● **Problem statement**
When the line containing "((Very detailed)), ((Ultra-high" is found in the data below, copy it and each line after it through the line containing "Long Hair, (Light", exactly and with no others.

(Beginning of Records to process)

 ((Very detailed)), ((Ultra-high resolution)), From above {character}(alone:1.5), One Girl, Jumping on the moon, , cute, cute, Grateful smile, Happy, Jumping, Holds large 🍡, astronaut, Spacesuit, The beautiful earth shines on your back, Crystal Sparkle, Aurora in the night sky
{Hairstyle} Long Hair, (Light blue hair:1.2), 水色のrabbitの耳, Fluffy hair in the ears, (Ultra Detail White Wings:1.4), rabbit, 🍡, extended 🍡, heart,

(End of Records to process)
(Beginning of Records to process)

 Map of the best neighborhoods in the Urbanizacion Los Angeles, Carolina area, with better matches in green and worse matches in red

(End of Records to process)
(Beginning of Records to process)

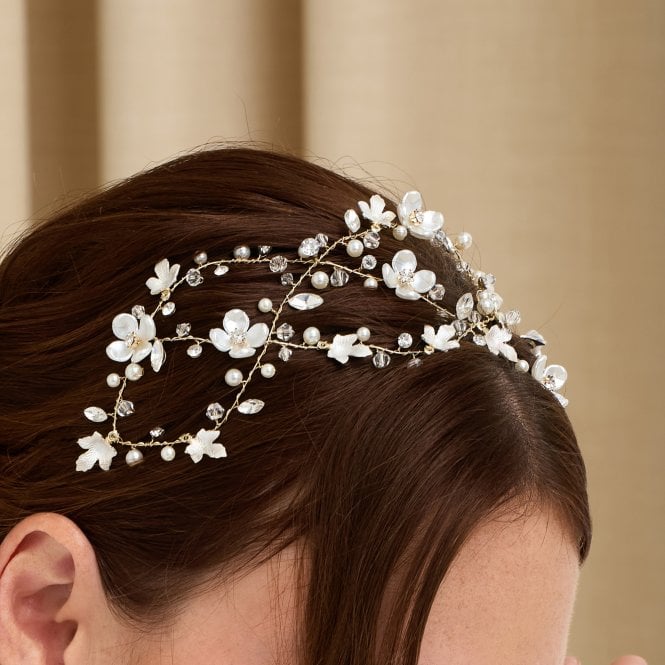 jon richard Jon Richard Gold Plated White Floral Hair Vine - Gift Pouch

(End of Records to process)

● **Answer to this task**
 ((Very detailed)), ((Ultra-high resolution)), From above {character}(alone:1.5), One Girl, Jumping on the moon, , cute, cute, Grateful smile, Happy, Jumping, Holds large 🍡, astronaut, Spacesuit, The beautiful earth shines on your back, Crystal Sparkle, Aurora in the night sky
{Hairstyle} Long Hair, (Light blue hair:1.2), 水色のrabbitの耳, Fluffy hair in the ears, (Ultra Detail White Wings:1.4), rabbit, 🍡, extended 🍡, heart,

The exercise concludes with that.